━━ INFORMATION SUPPLIED ━━

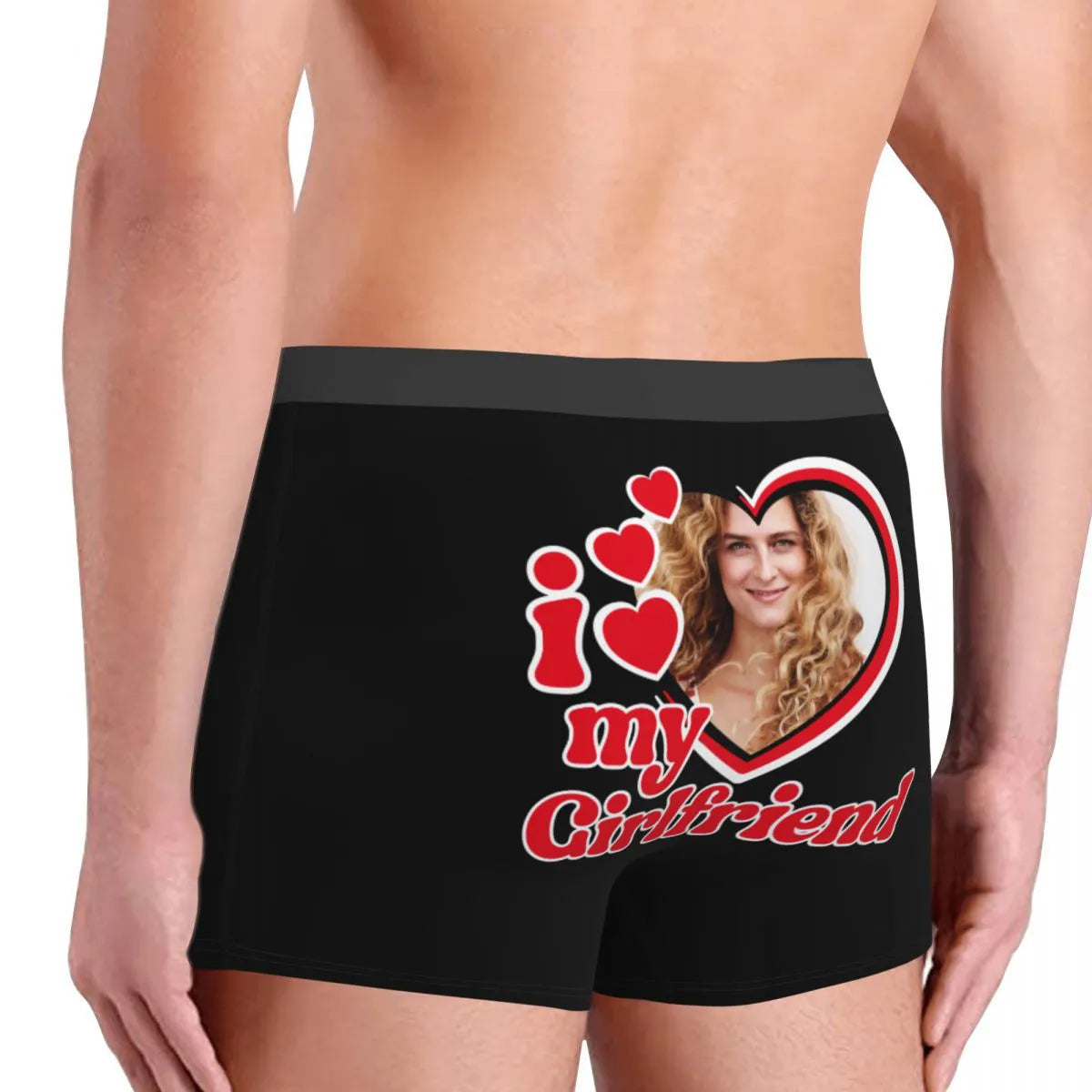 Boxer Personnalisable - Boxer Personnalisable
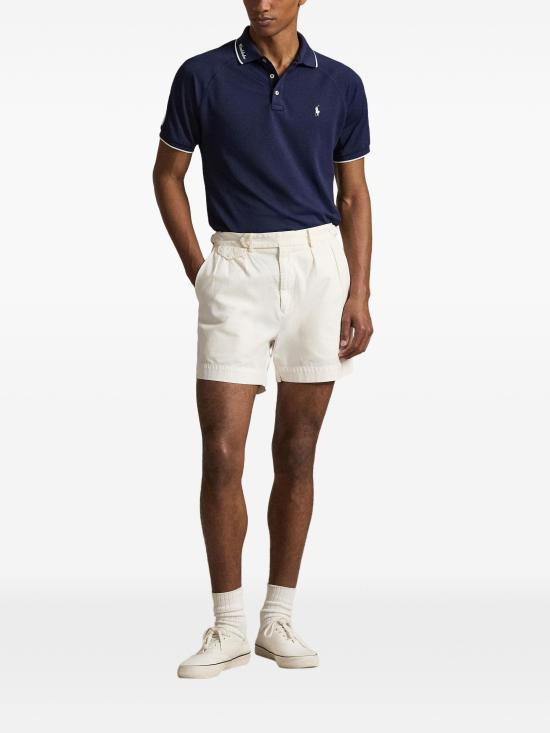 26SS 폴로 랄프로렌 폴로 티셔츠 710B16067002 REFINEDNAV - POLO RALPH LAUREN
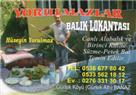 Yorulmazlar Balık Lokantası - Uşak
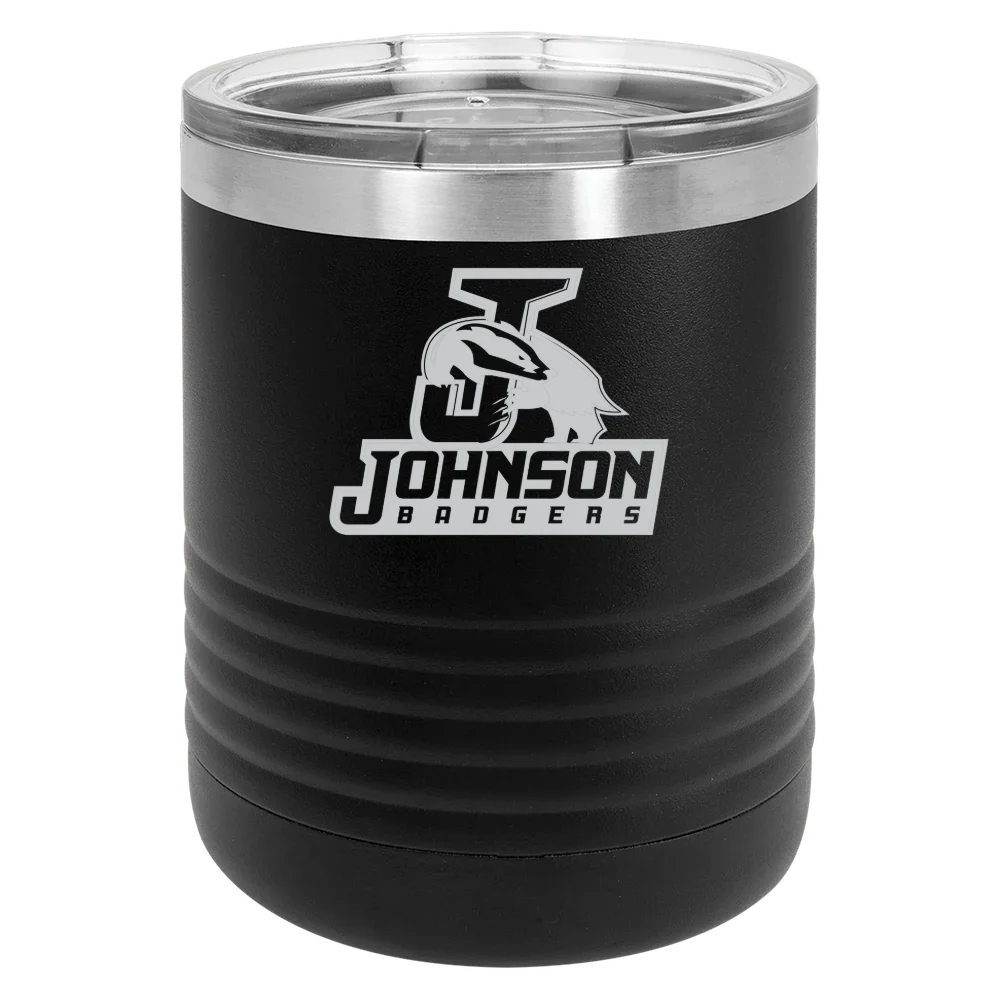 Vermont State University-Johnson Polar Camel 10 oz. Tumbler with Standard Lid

━━━

### EXERCISE INSTRUCTIONS
Write the material above out again exactly as it reads, but don't carry over the pictures.

### ANSWER AREA
 Boxer Personnalisable - Boxer Personnalisable
 26SS 폴로 랄프로렌 폴로 티셔츠 710B16067002 REFINEDNAV - POLO RALPH LAUREN
 Yorulmazlar Balık Lokantası - Uşak
 Vermont State University-Johnson Polar Camel 10 oz. Tumbler with Standard Lid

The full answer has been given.